----- Dataset content -----

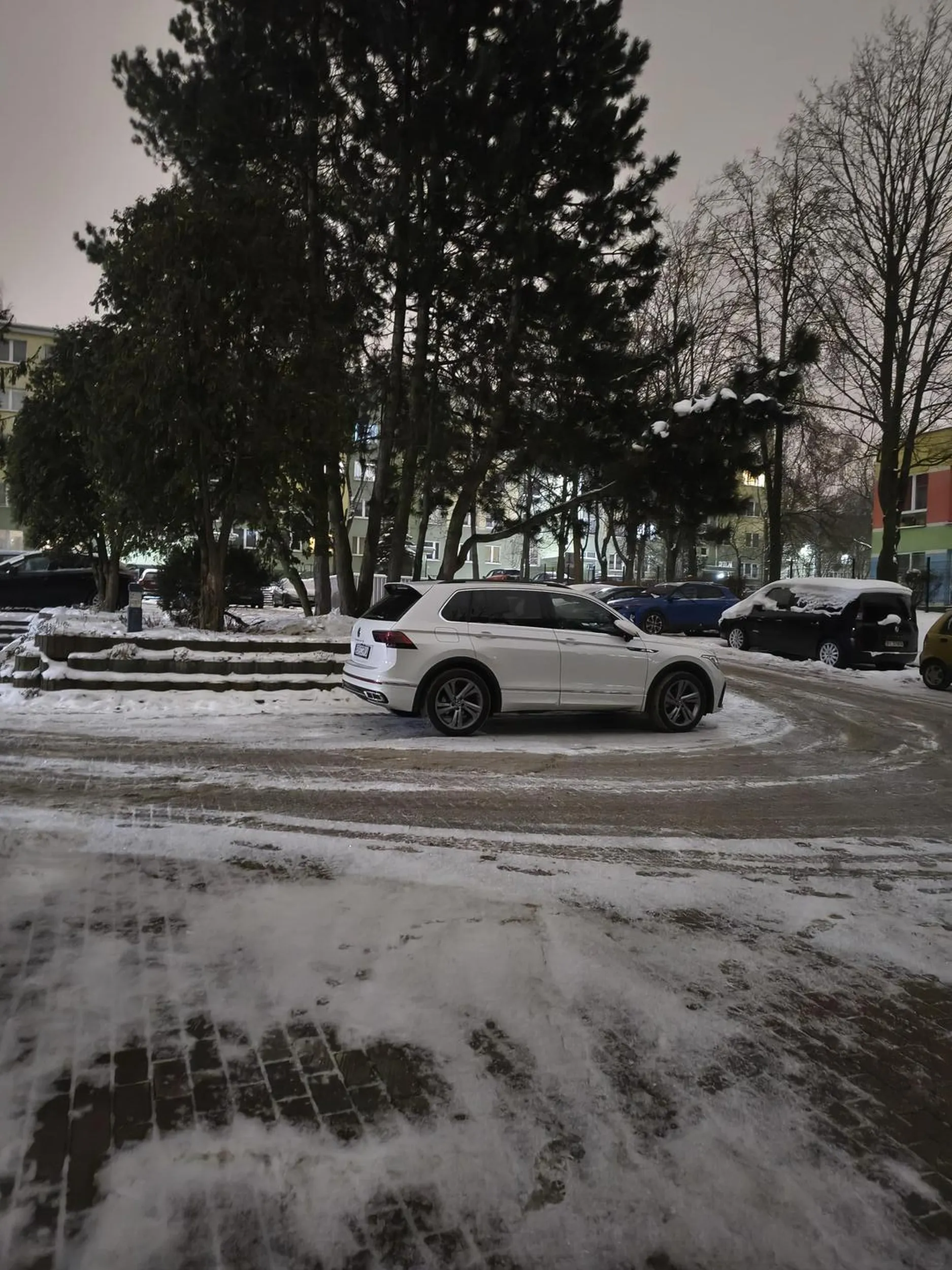 To nie parking. Nie stawaj na środku. Notorycznie to się potwarza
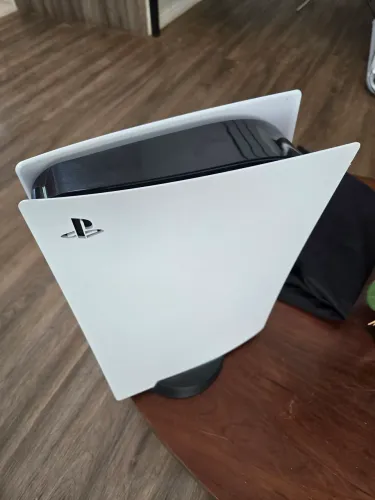 Playtation 5 com um controle e com leitor de disco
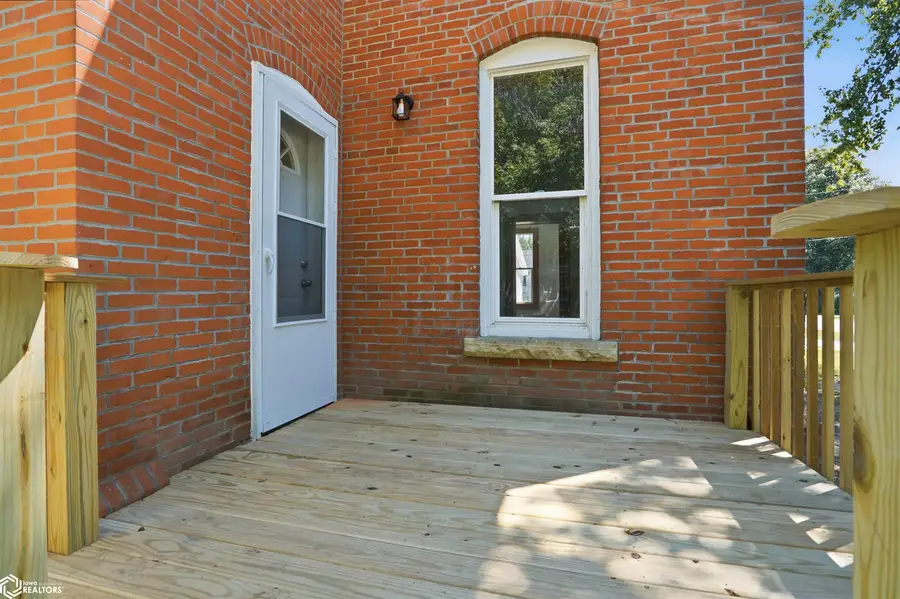 202 E Center Street, Winfield, IA 52659 - #3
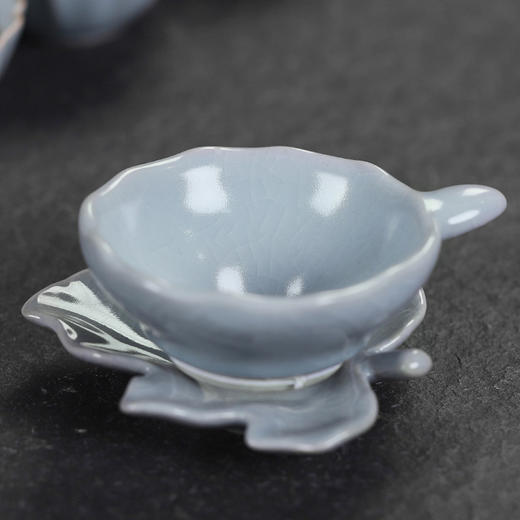 汝窑茶漏创意冰裂釉茶隔架子托家用陶瓷茶叶过滤器可养茶道零配件 商品图0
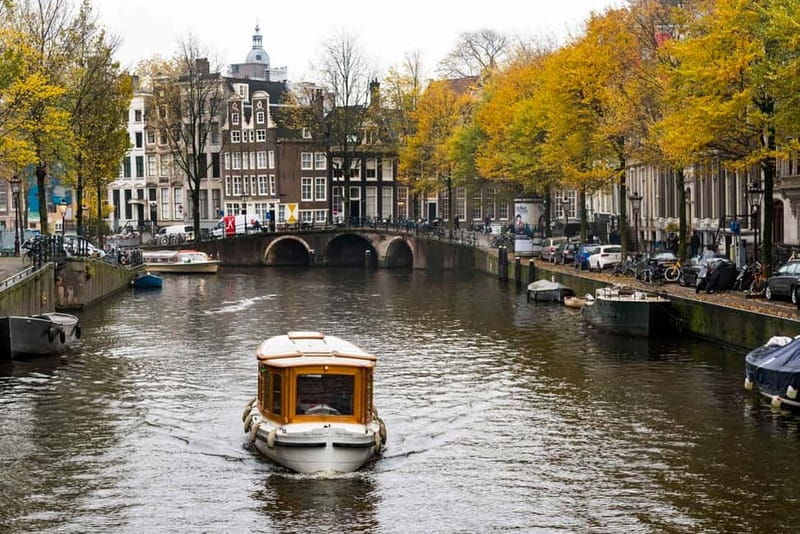Amsterdam: Photography Masterclass - Private Photo Lesson - Ending with a review of your photographs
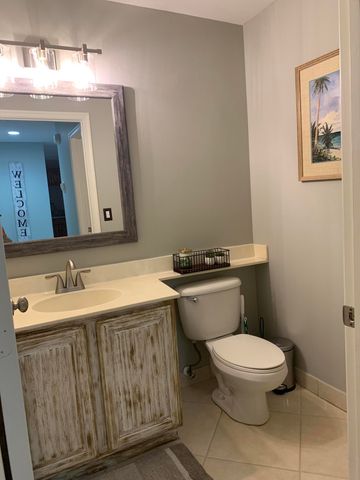 10667 Lake Shore Drive, Wellington, FL 33414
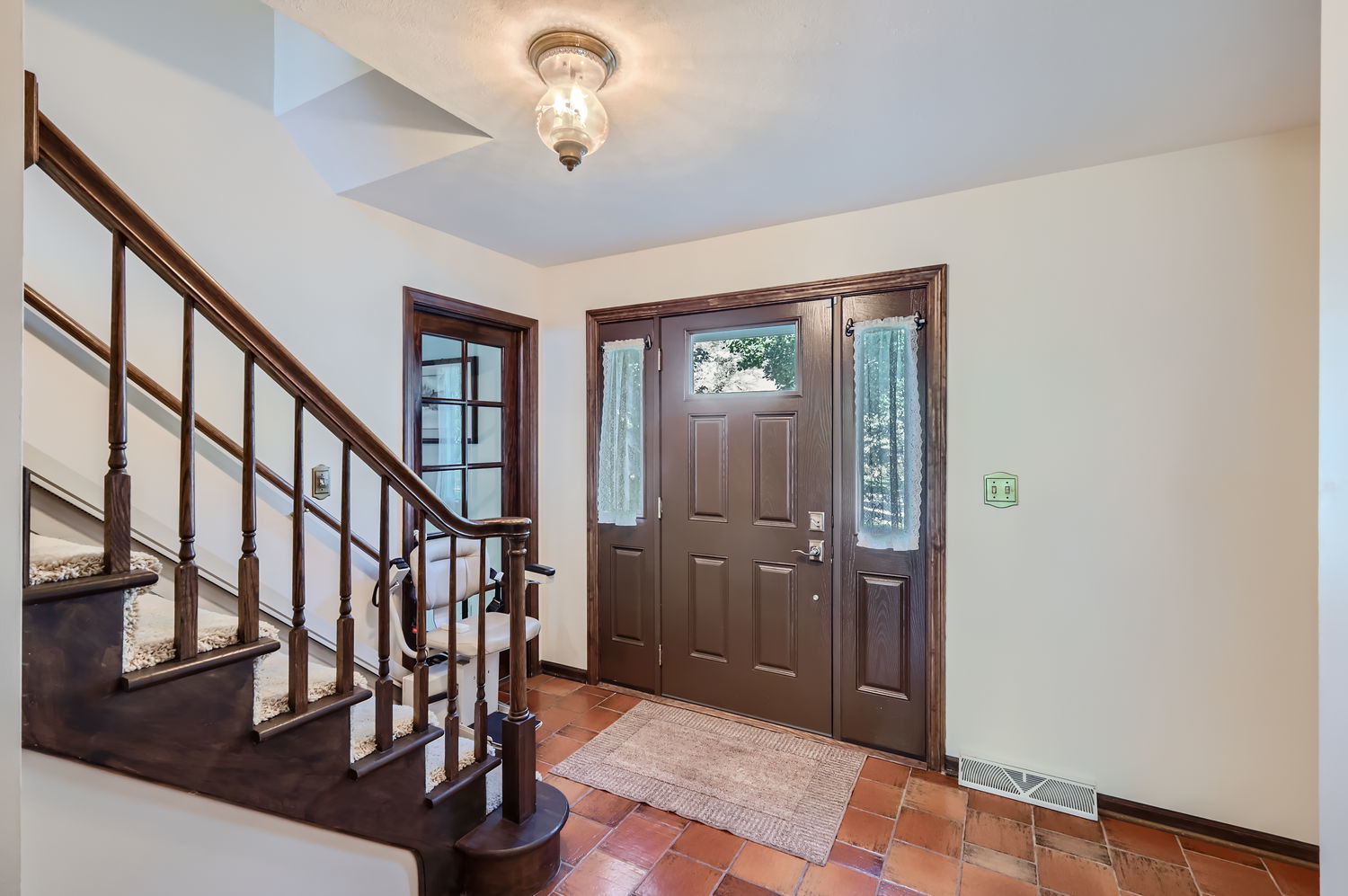 1925 Jamestown Lane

-----

Leave out every picture and transcribe the remaining entries exactly.

 To nie parking. Nie stawaj na środku. Notorycznie to się potwarza
 Playtation 5 com um controle e com leitor de disco
 202 E Center Street, Winfield, IA 52659 - #3
 汝窑茶漏创意冰裂釉茶隔架子托家用陶瓷茶叶过滤器可养茶道零配件 商品图0
Amsterdam: Photography Masterclass - Private Photo Lesson - Ending with a review of your photographs
 10667 Lake Shore Drive, Wellington, FL 33414
 1925 Jamestown Lane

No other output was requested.